Short web captions:
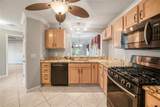 17090 76TH CALEDONIA Terrace - Photo 15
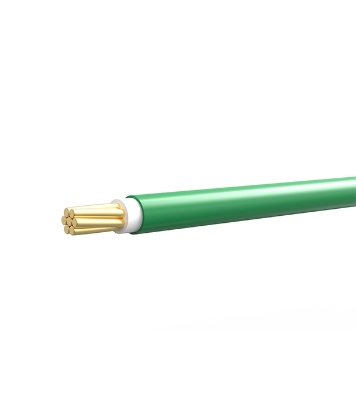 Picture of Bizli Cable BYA-FR (10 rm)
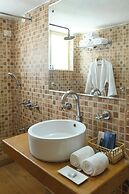 Soul Vacation Resort and Spa, Colva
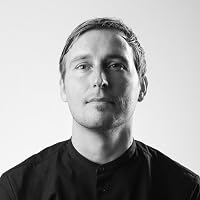 Profile Image for Vidmantas Savikūra.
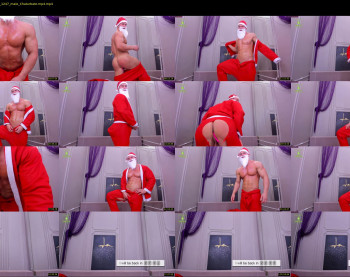 steevemuscle — 70 minute Chaturbate male cam show recording, 1080p, Dec 27, 2020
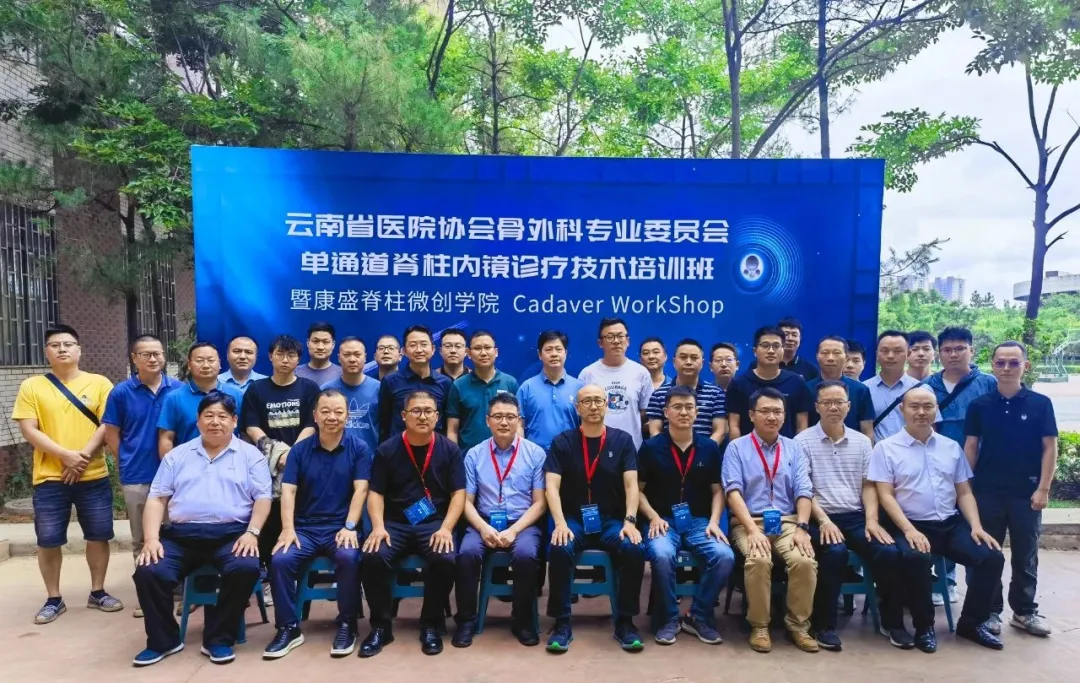 1717040691838816.jpg 1717040686579.jpg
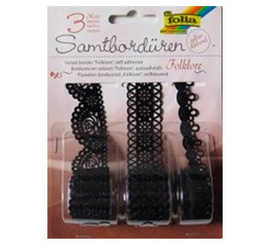 ruban-satin-max-bringmann-folklore-auto-adh-sive-1m-noir-pack-de-3-rouleaux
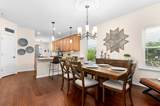 7916 80TH Drive - Photo 10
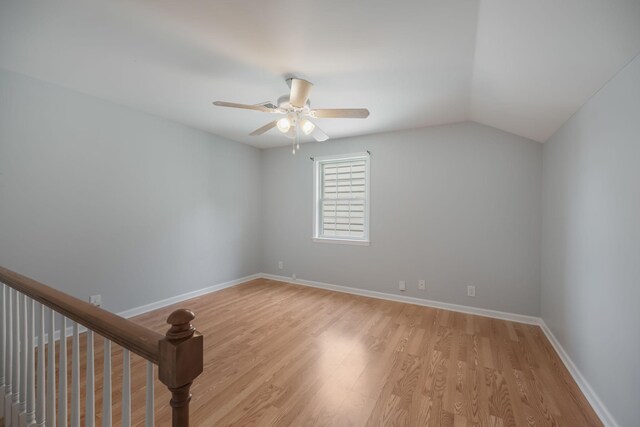 1281 General George Patton Rd, Nashville, TN 37221 - photo 30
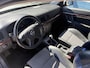 Opel Vectra 1.8-16V Elegance, climate control, half/leder, trekhaak, apk 21-06-2027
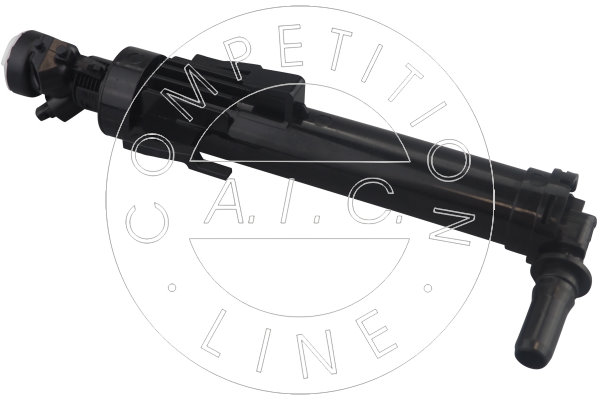 AIC Vaskedyse, forlygtevisker/vasker 70823 højre for BMW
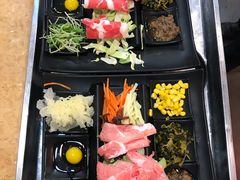 -过桥缘·过桥米线(北京望京万象汇店)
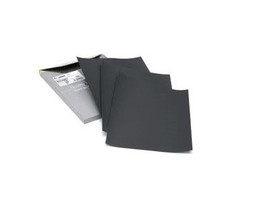 [ENA660] FEUILLE ABRASIF MIRKA WAT [Grain: Grain 80]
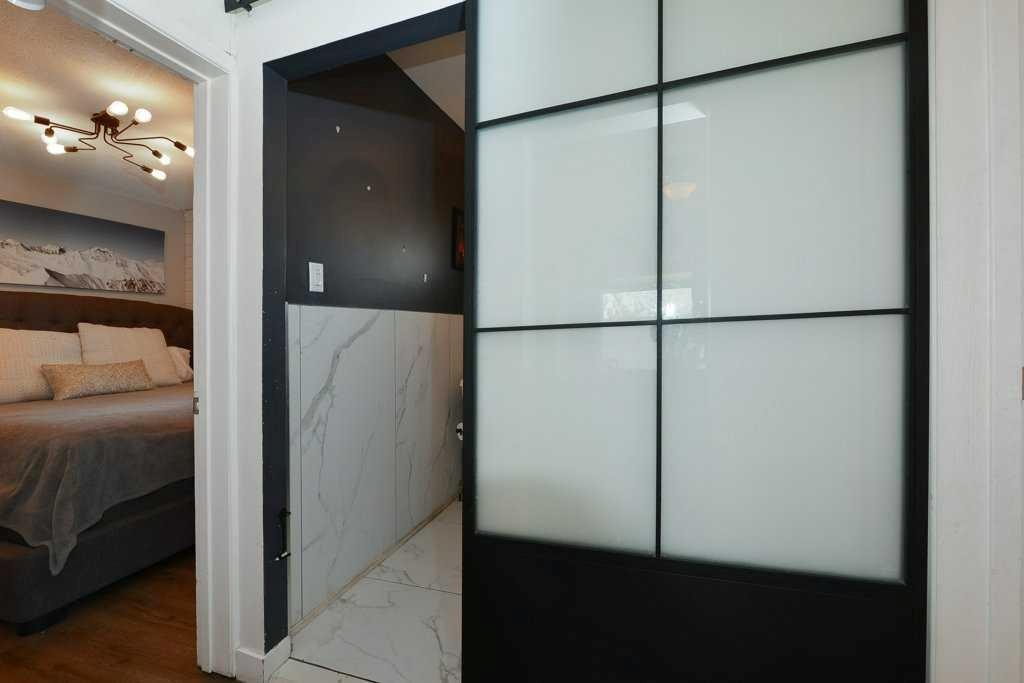 7639 21 Street Se, Calgary, AB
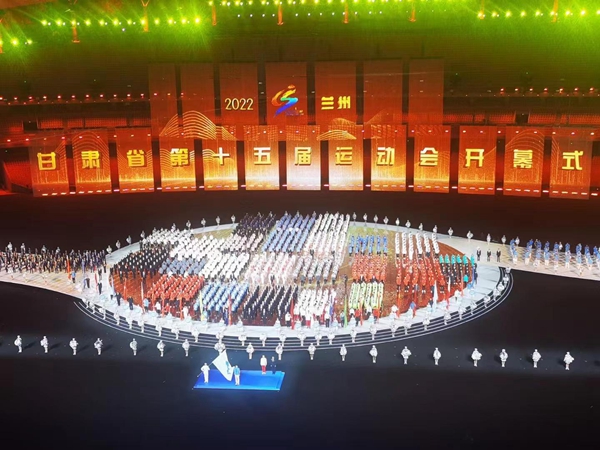 1710833915135347.jpg 图片10.jpg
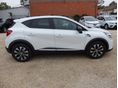 RENAULT CAPTUR 2024/4 - 3
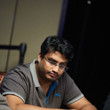 Srinivas Balasubramanian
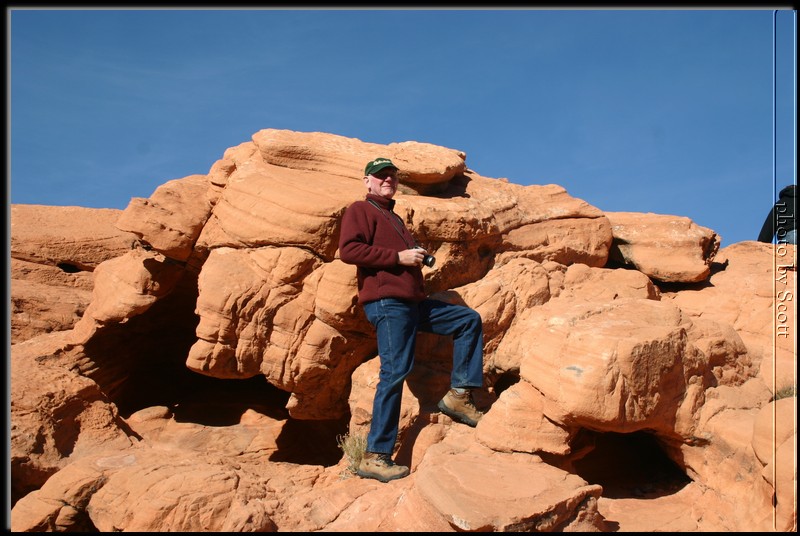 lake-mead05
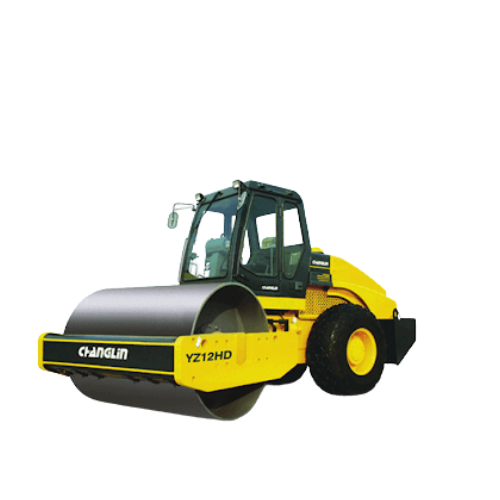 CACES R482 Catégorie D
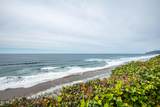 1415 Coast Avenue - Photo 20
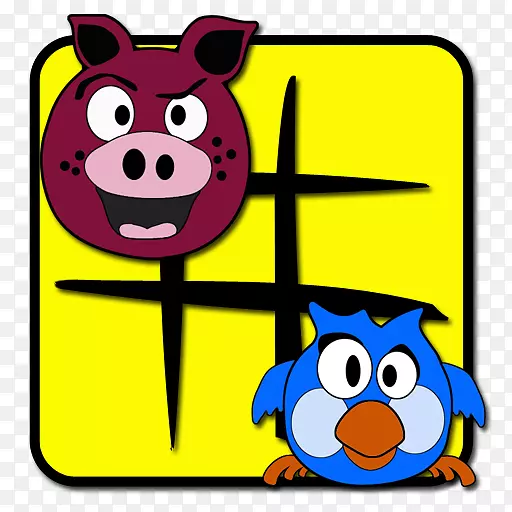 Ц�������߼�����-Ц��-������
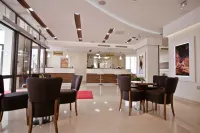 Hotel Luna Hotels in Bijakovici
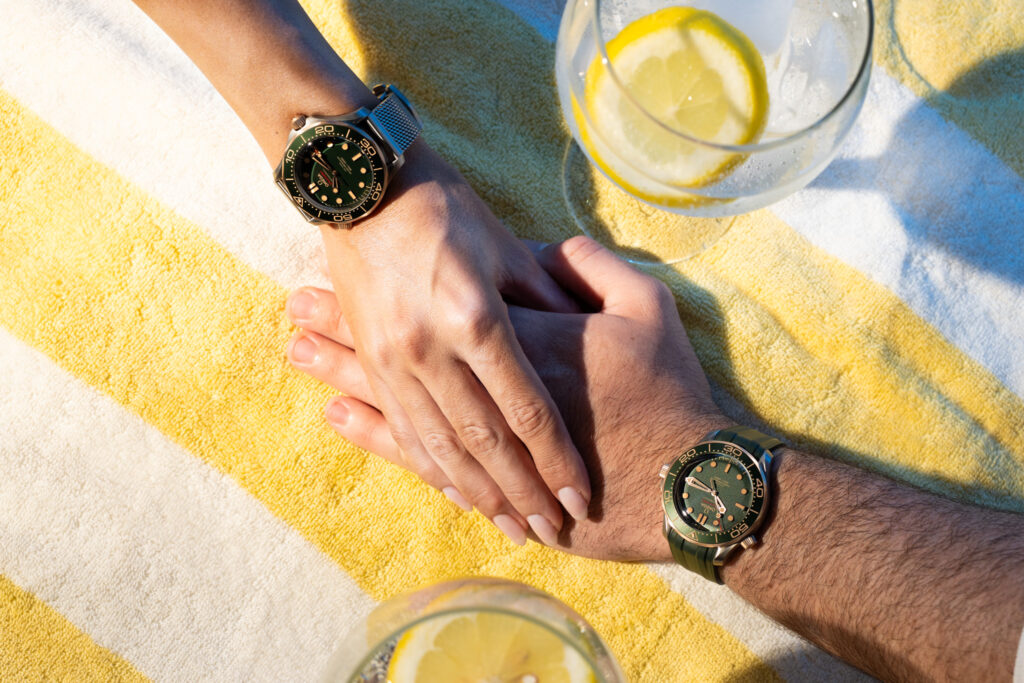 Qué tipo de reloj usar para cada ocasión, tu guía de estilo está en Ultrajewels Qué tipo de reloj usar para cada ocasión, tu guía de estilo está en Ultrajewels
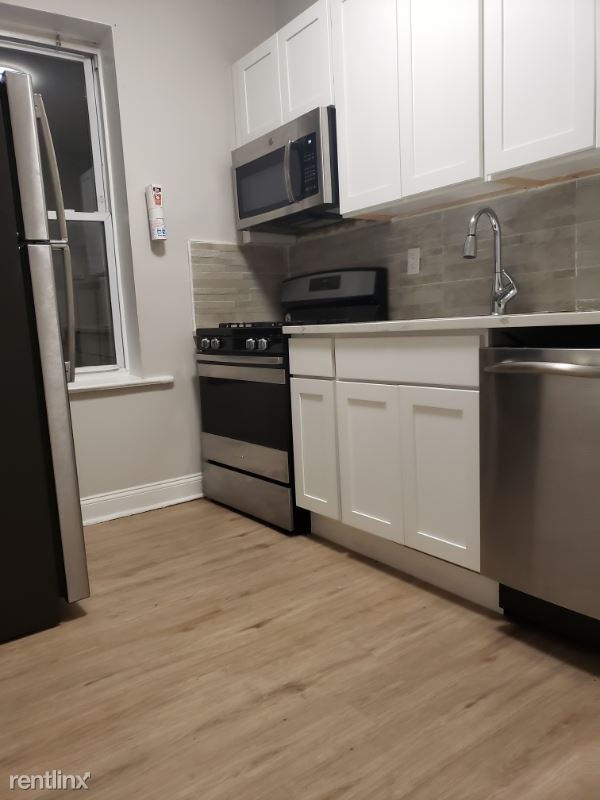 Foto del edificio - 5105 Hudson Ave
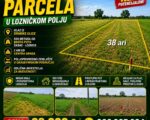 viber slika 2026 05 18 08 25 44 278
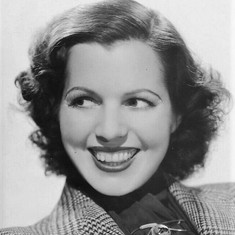 Mary Maguire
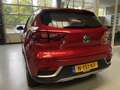MG ZS MG EV Luxury 45 kWh ACC, Camera, Pano, Carplay Rood - thumbnail 2
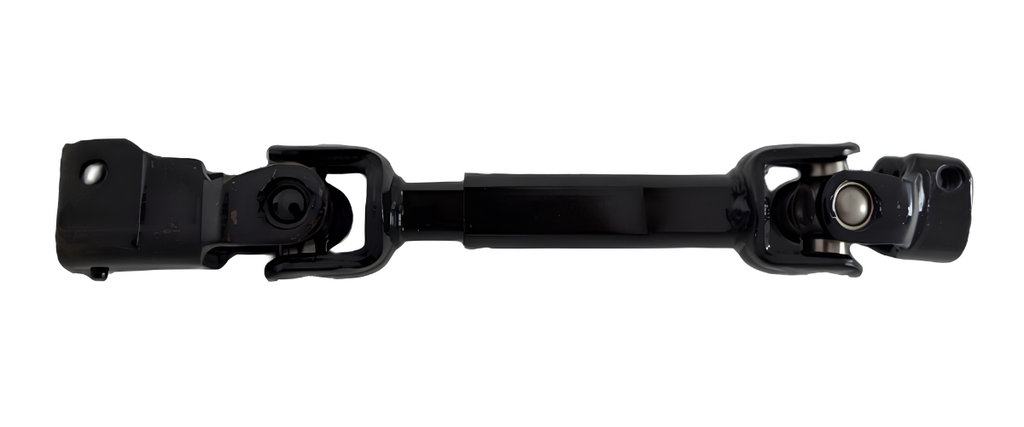 [93310268] CRUCETA DIRECCION CHEVROLET CHEVY 1995-2012 1.4, 1.6 / DIRECCION ESTANDAR BRUCK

WORK INSTRUCTION: Going by the data above, give back only the lines from the one containing "CACES R482 Catégorie D" through the one containing "MG ZS MG EV", exactly as they stand, both ends included and no images.

RESULT BELOW:
 CACES R482 Catégorie D
 1415 Coast Avenue - Photo 20
 Ц�������߼�����-Ц��-������
 Hotel Luna Hotels in Bijakovici
 Qué tipo de reloj usar para cada ocasión, tu guía de estilo está en Ultrajewels Qué tipo de reloj usar para cada ocasión, tu guía de estilo está en Ultrajewels
 Foto del edificio - 5105 Hudson Ave
 viber slika 2026 05 18 08 25 44 278
 Mary Maguire
MG ZS MG EV Luxury 45 kWh ACC, Camera, Pano, Carplay Rood - thumbnail 2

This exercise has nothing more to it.